_YOUR ASSIGNMENT_: Word for word, restate the lines from the top of the records below through the line with "EL MEJOR ASADO LO HACE MI ABUELO", both included, with no pictures in the result.

Excerpts from a dataset:
>>

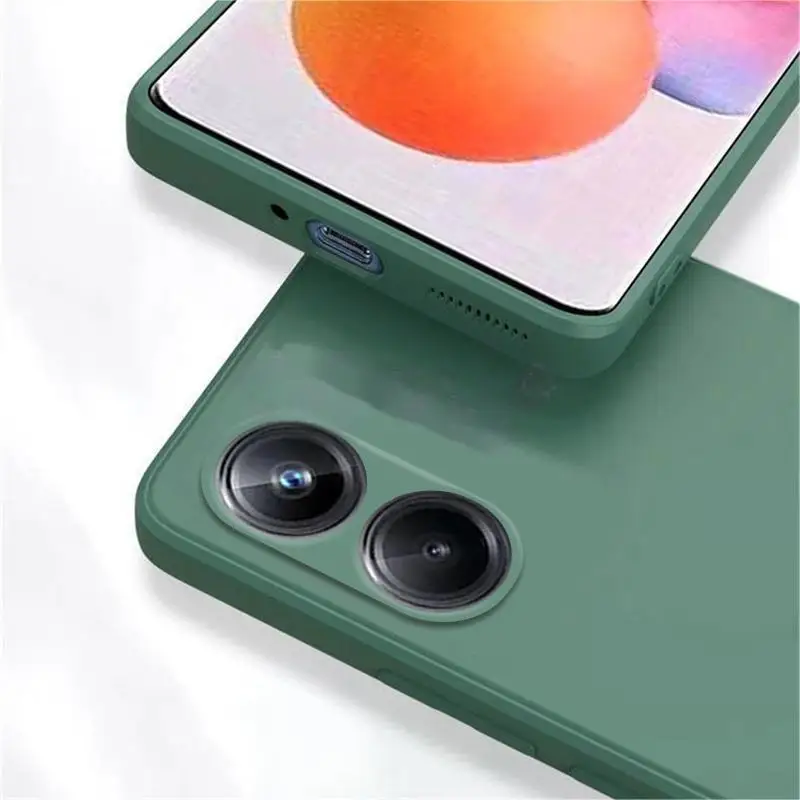 Жидкий кремниевый флуоресцентный чехол для Realme 10 4G 9 Pro Plus 8I C55 C25Y C35 C21Y GT NEO 2 3 2T Master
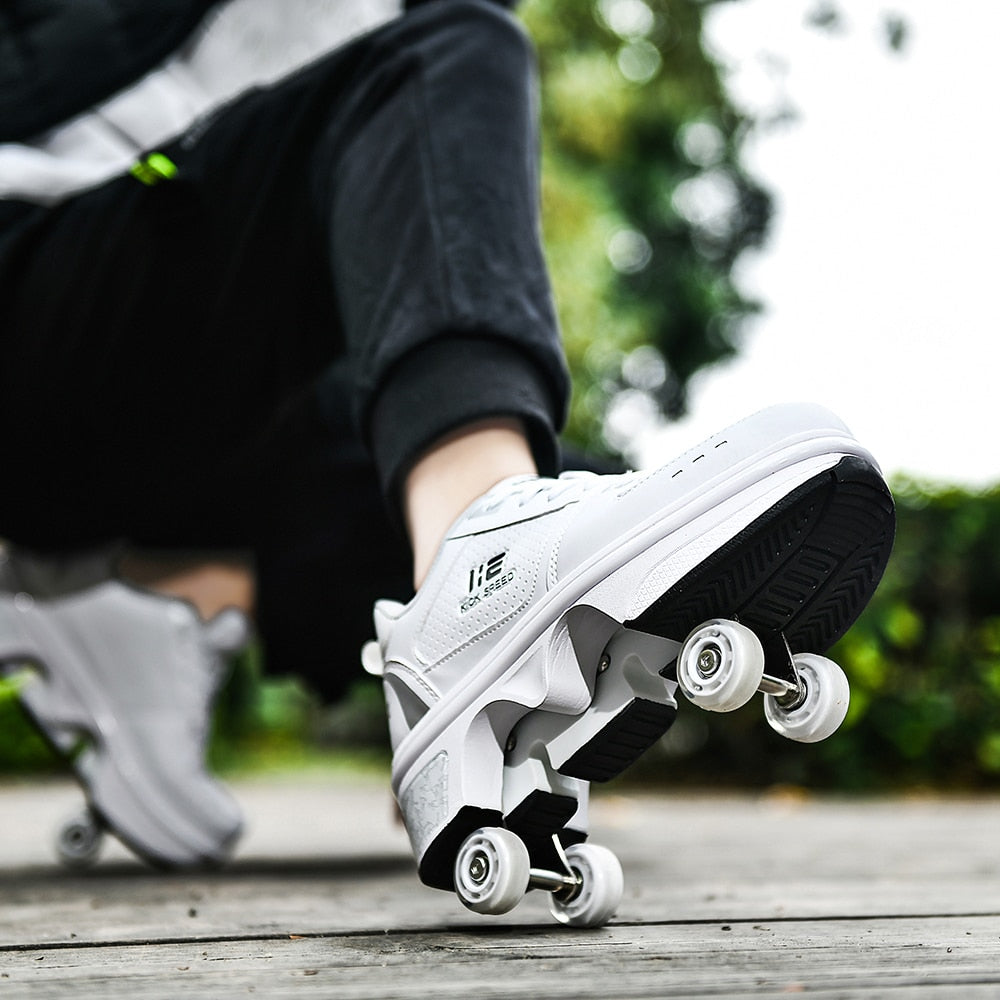 Flash Shoes Roller Skates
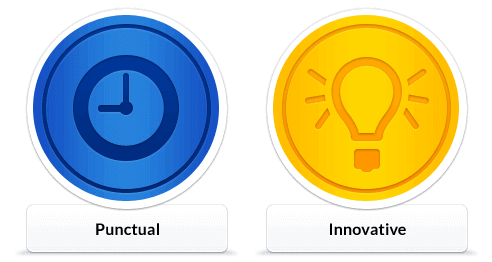 Example of recognize badges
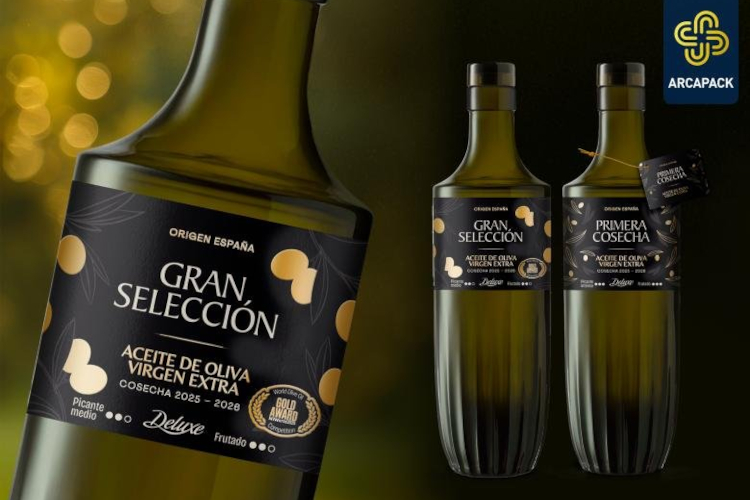 El dise&ntilde;o de envases de aceite de oliva obtiene dos sellos ARCAPACK de oro, certificando la apuesta del sector por el dise&ntilde;o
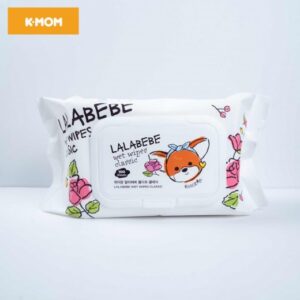 KHĂN ƯỚT CAO CẤP LALABEBE K-MOM HÀN QUỐC (100C)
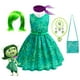 thumbnail image 2 of Girls Inside Out Disgust Cosplay Costumes Birthday Party Dress Up Children's Halloween Role-playing Costume Carnival Clothing, 2 of 5
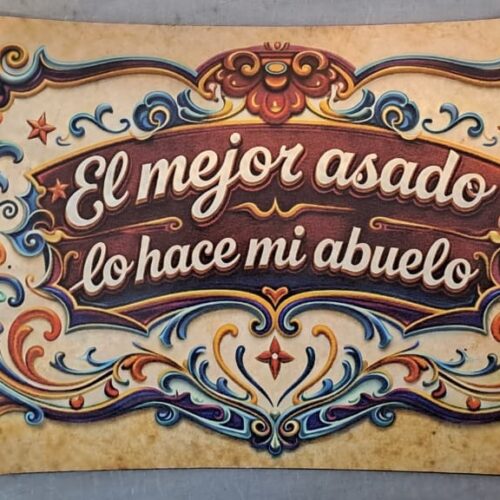 EL MEJOR ASADO LO HACE MI ABUELO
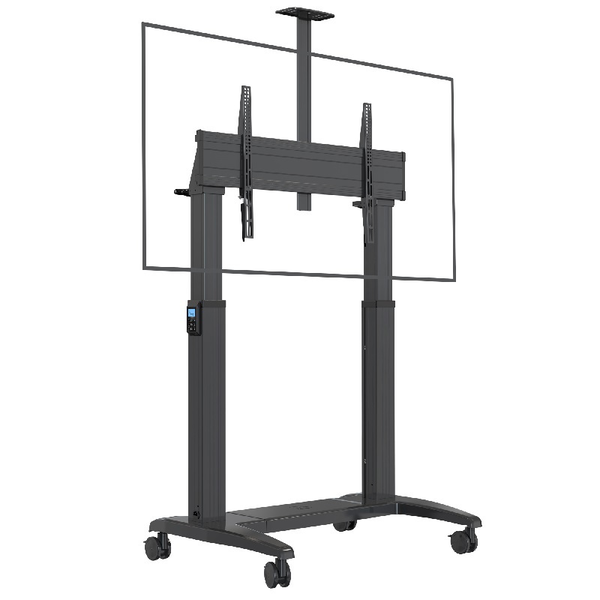 North Bayou GF150 75"-120" TV/Monitor Gurulós Motoros Padlóállvány - Szürke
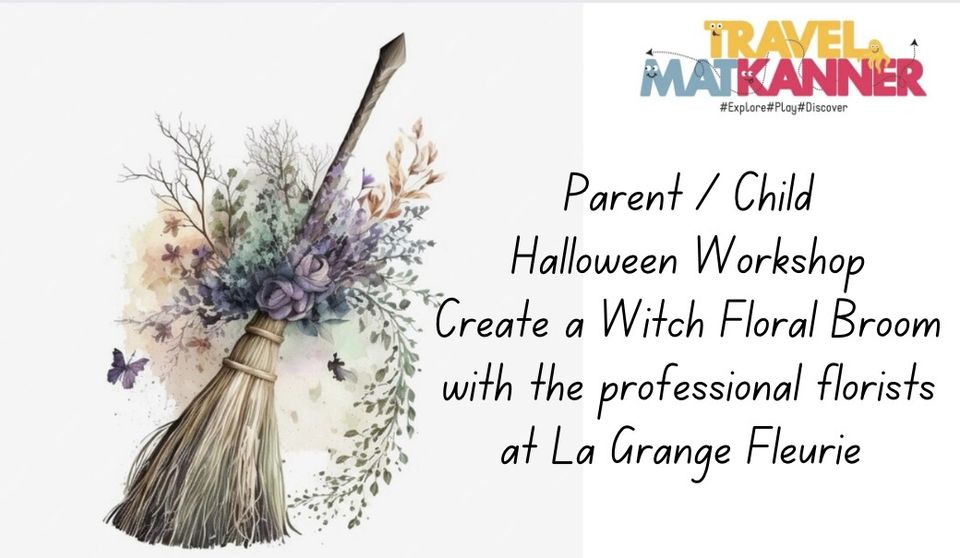 Parent/Child Halloween Floral Witch’s Broom Workshop
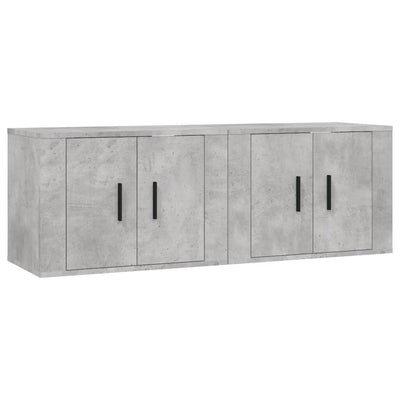 Wall-mounted TV Cabinets 2 pcs Concrete Grey 57x34.5x40 cm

<<

_OUTPUT FOR THIS EXERCISE_:
 Жидкий кремниевый флуоресцентный чехол для Realme 10 4G 9 Pro Plus 8I C55 C25Y C35 C21Y GT NEO 2 3 2T Master
 Flash Shoes Roller Skates
 Example of recognize badges
 El dise&ntilde;o de envases de aceite de oliva obtiene dos sellos ARCAPACK de oro, certificando la apuesta del sector por el dise&ntilde;o
 KHĂN ƯỚT CAO CẤP LALABEBE K-MOM HÀN QUỐC (100C)
 thumbnail image 2 of Girls Inside Out Disgust Cosplay Costumes Birthday Party Dress Up Children's Halloween Role-playing Costume Carnival Clothing, 2 of 5
 EL MEJOR ASADO LO HACE MI ABUELO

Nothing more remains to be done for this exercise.